İktidarın ve yetkili kurumaların 200 gündür devam eden açlık grevi eylemlerine sesiz kaldığının altını çizen Gülsür, şunları dile getirdi: "Tecridin bir işkence niteliğinde olduğunu, başta Sayın Abdullah Öcalan olmak üzere cezaevindeki tutsakların ulusal mevzuat ve uluslararası sözleşmelerdeki temel haklarının korunması gerektiğini, toplumsal belleğimizde ağır tahribatlar ve derin yaralar oluşturabilecek olan bu sürecin bir an önce çözüme kavuşturulmasını, süresiz - dönüşümlü açlık grevi eyleminin daha ağır noktalara gelmeden ve can kayıpları yaşanmadan çözüm üretilmesi için Adalet Bakanlığı ve ilgili kurumları bu konuda sorumluluklarını yerine getirmeye ve kalıcı çözümler için bir an önce adım atmaya çağırıyoruz."

VAN
Van TUHAY-DER'in, Sanat sokağında yaptığı açıklamaya HDP Milletvekili Murat Sarısaç, HDP, DBP eşbaşkanları ile çok sayıda kişi katıldı. Basın metnini okuyan TUHAY-DER Eşbaşkanı Ümit Çapan, hapishanelerde yaşanan hak ihlallerinin bir rutin halini aldığını ve hak ihlallerine ilişkin yapılan suç duyurularının cezasızlık zırhı neticesinde sonuçsuz kaldığını belirtti.

"Tecride karşı ses çıkaralım" diyen Çapan, şu talepleri sıraladı:
"İmralı Adası'nda Sayın Abdullah Öcalan şahsında geliştirilen tecrit politikasına son verilerek açlık grevi eylemcilerinin yasal ve hukuki olan talepleri yerine getirilmelidir.
Uygulamadaki başta iyi hal kurulu olmak üzere, adil-hukuki olmayan ve toplum vicdanını zedeleyen tüm uygulamalardan vazgeçilmelidir. 
Cezaevlerinden yaşanan her türlü hak ihlaline son verilmeli ve hak ihlalleri kapsamında suç işleyenler hakkında yasal işlem başlatılmalıdır.
Adil ve eşit bir infaz yasası ile toplumun ihtiyaçlarına cevap olunmalıdır."

ADANA
Akdeniz TUHAY-DER, HDP Adana Milletvekili Tülay Hatimoğulları, HDP Adana İl Eşbaşkanı Mehmet Karakış, Barış Annelerinin de katılımıyla basın açıklaması düzenledi. Direnişi büyütelim, tecridi kıralım. Açlık grevleri 200. gününde" pankartı asılan salonda konuşan Derneğin Eşbaşkanı Mehmet Tutuş, açlık grevindeki tutukluların sağlığından kaygı duyduklarını, hapishanelerden tabutların çıkmaması için taleplerinin yerine getirilmesi için AKP'ye çağrıda bulundu.

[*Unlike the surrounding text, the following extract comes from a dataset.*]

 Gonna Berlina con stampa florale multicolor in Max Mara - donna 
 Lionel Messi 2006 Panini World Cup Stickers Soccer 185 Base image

Tecridin sadece İmralı'ya değil, tüm topluma uygulandığını söyleyen HDP milletvekili Tülay Hatimoğulları da tecridin son bulması için açlık grevinde olan tutukluların taleplerinin yerine getirilmesini istedi. İmralı'da uygulanan tecridin bir "insanlık suçu" olduğunu ifade eden Hatimoğulları, bu tecridin ne hukukla ne de insan haklarıyla bağdaşmadığını vurguladı. CPT'nin İmralı raporuna da değinen Hatimoğulları, "Bu ülkede Kürt sorununun barış yöntemlerle çözülmesi dışında bir seçenek kalmamıştır. Savaş, insanı, doğayı ve bütün canlıları öldürüyor. Bu ülkede elbette barış şiir birlikte yazabiliriz" dedi.

MERSİN
Çukurova TUHAY-DER, Mersin Şube binasında basın toplantısı düzenledi. Barış Anneleri Meclisi, HDP Mersin İl Eşbaşkanı Mehmet Alış, Özgürlük için Hukukçular Derneği (ÖHD) Mersin Şubesi'nin de katıldığı açıklamada Ergin Altuntaş konuştu. 

Altuntaş, "Açlık grevine giren mahpuslar tarafından talep edilen avukat-müvekkil görüşmesi, aile görüşmesi ve yine hapishanelerdeki çıplak arama, kalabalık koğuşlar, keyfi aramalar, hasta mahpusların ihlal edilen sağlık hakları, koşullu salıverilme hakları gibi diğer olumsuz koşulların düzeltilmesi gibi talepler karşılanması gereken en temel insan haklarıdır" ifadelerini kullandı.